Barclays upped its guidance for T-Mobile’s postpaid phone net adds during the second quarter to 595,000 from 550,000, marking an 8% increase, and it lowered predicted postpaid churn to 1.20%, down from 1.22%. But it slashed its forecast for T-Mobile’s prepaid gains by 32.5%, noting heightened competition in a market that has attracted increased attention from major U.S. wireless carriers over the last 18 months.
“Broadly speaking, we increased our postpaid net add estimates while reducing our prepaid net add estimates given our expectations given our expectations [sic] that Sprint has been aggressive with its prepaid Boost brand during the quarter,” Amir Rozwadowski wrote in a note to investors. “Our full-year estimates remain largely unchanged. Although our postpaid net adds increase as we continue to expect T-Mobile’s share-gain momentum to continue even amidst a heightened competitive (industrywide unlimited) backdrop … In our view, there is still a large and untapped opportunity to gain share vs. peers as it looks to simplify its offerings in coming iterations of its Un-carrier strategy.”
Growing concerns that T-Mobile may not lock up a significant dance partner in the near future have been a drag on its stock price, however, Rozwadowski said.

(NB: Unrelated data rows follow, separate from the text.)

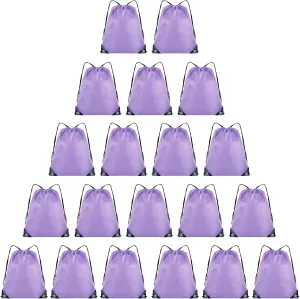 20 Pieces Drawstring Backpack Bulk Cinch Sackpack Ployster Drawstring Bags for Gym Party Trip(Lavender)
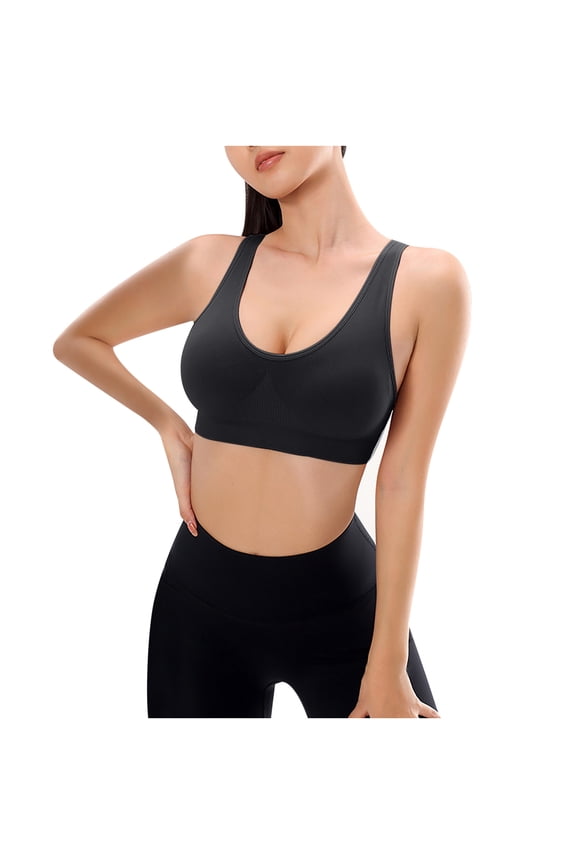 Sports Bras for Women Casual Solid Color Womens Sport Bras Yoga Comfy Underweat Women Cross Back Smoothing Lightly Cooling Bras Beauty Back Lined Wire Classic Womens Bras（Black,L）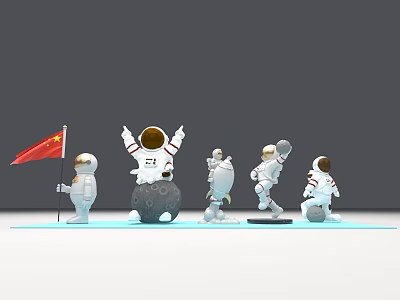 Astronaut Figurines With Chinese Flag And Moon Model In Various Poses 3d model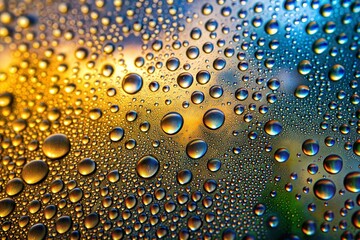 Wall Mural - sunset reflected in glass with water droplets and colorful mirror texture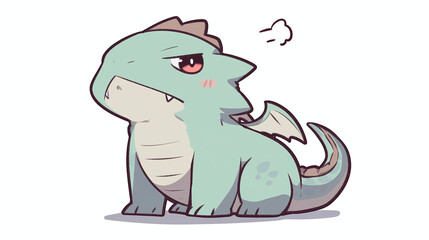 Obraz premium Cute Green Dragon Illustration - Fantasy Creature Art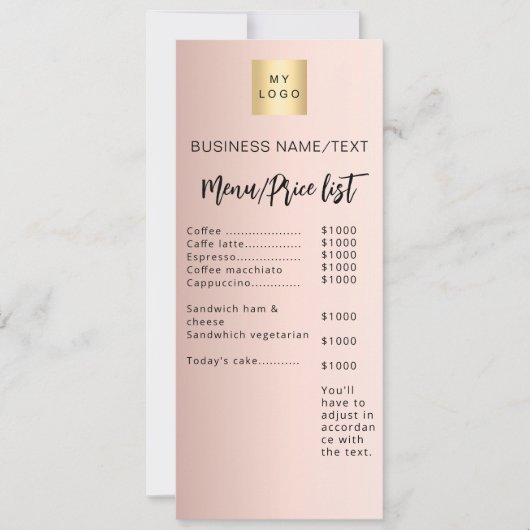 ビジネスメニュー価格表バラ金ゴールド 招待状 (正面)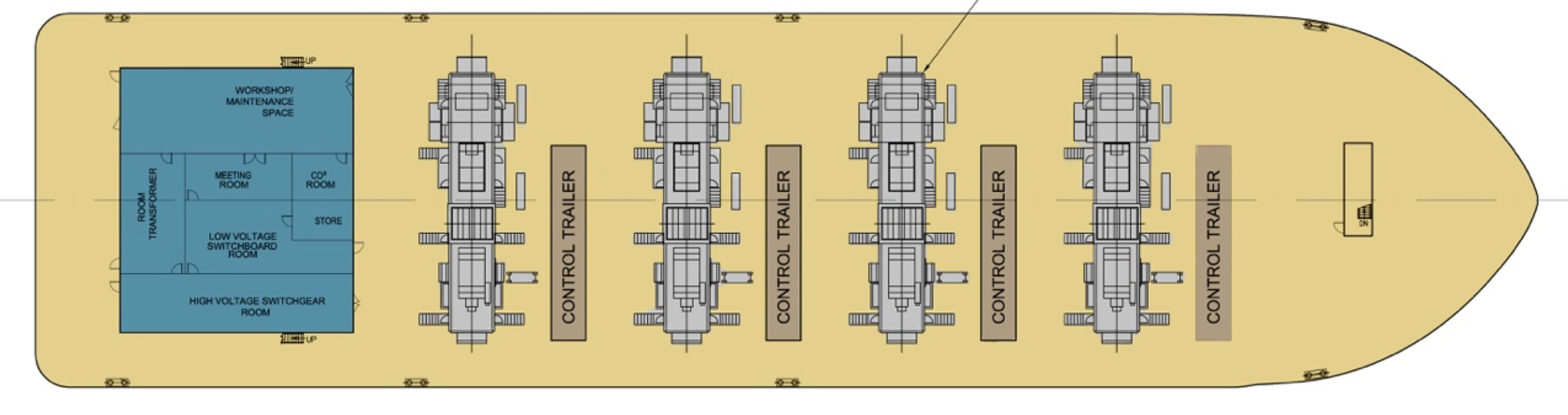 Power Barge: 120 MW Turbine Configuration Layout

Rumors of consolidation in the wireless industry and of cross-market deals between carriers, digital media companies and cable operators have heated up in recent months as those segments collide, and T-Mobile has been the center of much of that speculation.
But some investors fear the nation’s third-largest carrier could be left without a dance partner—one recent report, for instance, has Sprint in discussions with Comcast and Charter over a potentially major wireless tie-up that might leave T-Mobile out in the cold. Those concerns may be undue, Rozwadowski said, but they’re weighing down T-Mobile shares nonetheless.
“In summary, there seems to be a disconnection between the company’s recent stock performance and its underlying business performance/expectation for continued share gains. While the introduction of unlimited plans earlier this year could justify some multiple compression, current valuation levels now seem to materially discount the prospects for: 1) a deal and 2) shareholder return initiatives,” Rozwadowski wrote. “Over the past few months, we’ve seen a string of new developments across the telecom and cable sectors. Overall, these developments have led to rising concerns that T-Mobile may have a diminished role in prospective M&A … In our view, risk/reward for T-Mobile looks attractive at current valuation levels.”